Exercise> What you should give back is a precise copy of the lines below from the one containing "Sesame Street Two" through the one containing "Max Studio Red", with no pictures.

Information supplied>
>>>>>
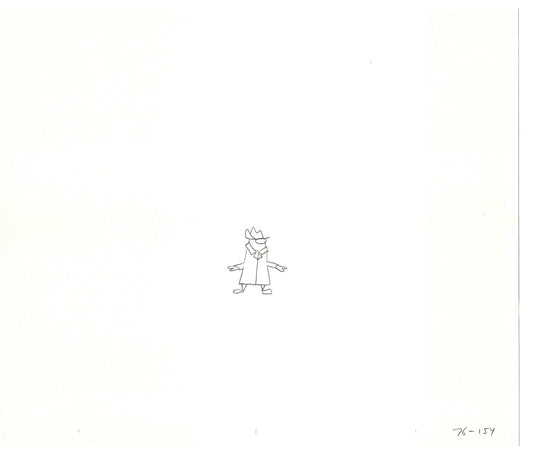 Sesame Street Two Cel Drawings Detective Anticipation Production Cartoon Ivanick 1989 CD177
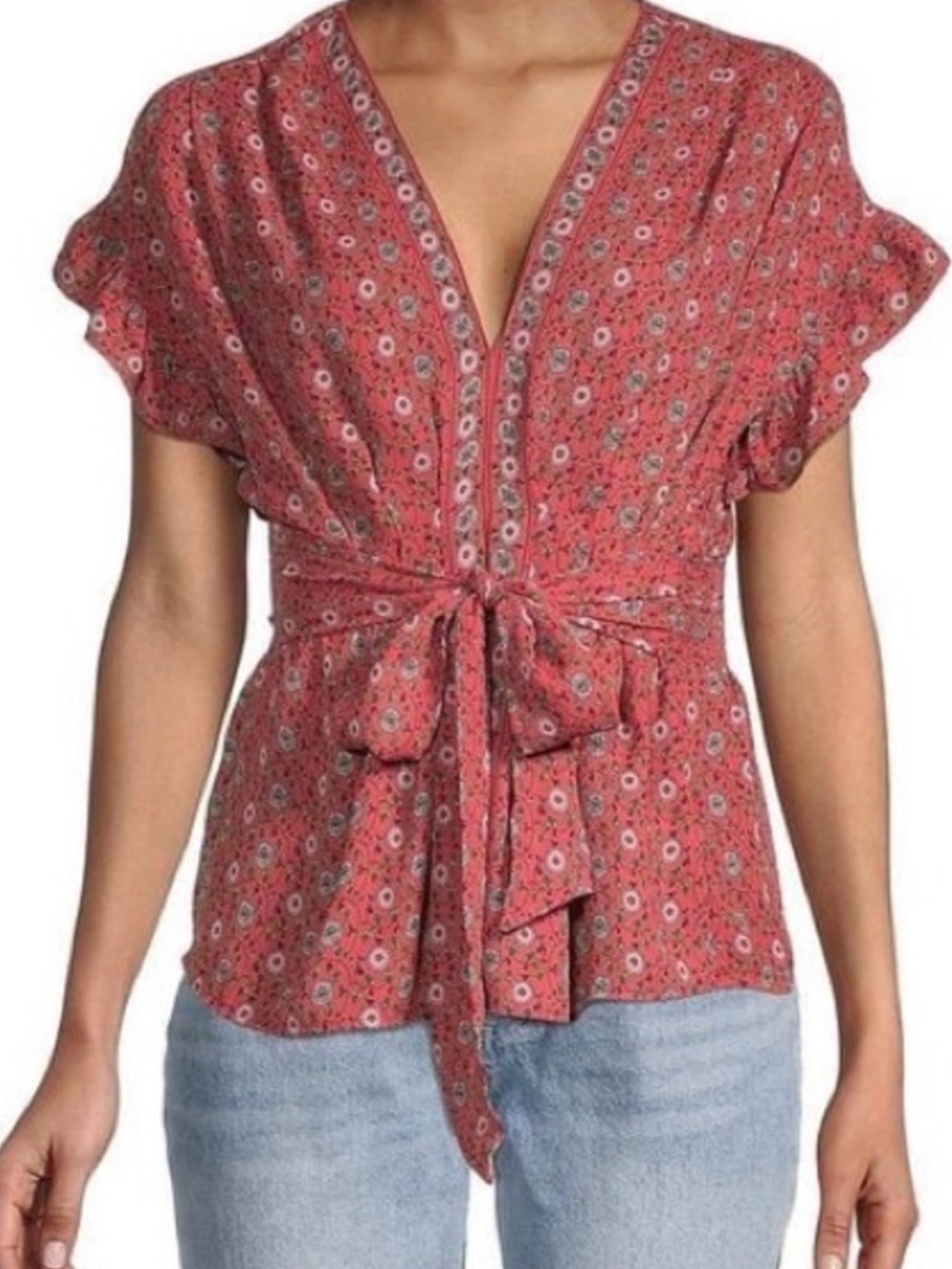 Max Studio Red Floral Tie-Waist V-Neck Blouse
<<<<<
>>>>>
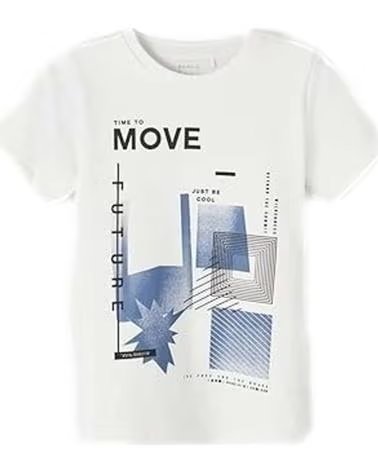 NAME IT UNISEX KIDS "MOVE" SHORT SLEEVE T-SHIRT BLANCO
<<<<<
>>>>>
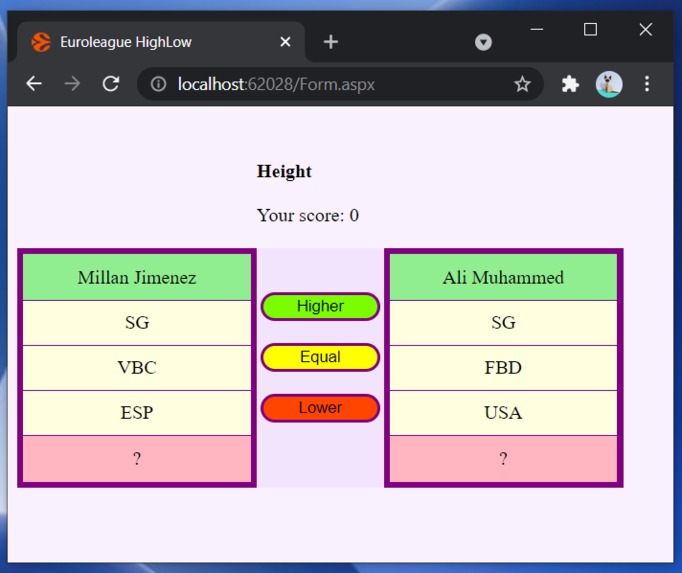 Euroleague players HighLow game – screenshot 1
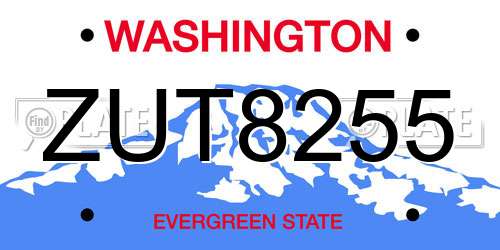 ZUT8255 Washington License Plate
<<<<<
Result of this task>
 Sesame Street Two Cel Drawings Detective Anticipation Production Cartoon Ivanick 1989 CD177
 Max Studio Red Floral Tie-Waist V-Neck Blouse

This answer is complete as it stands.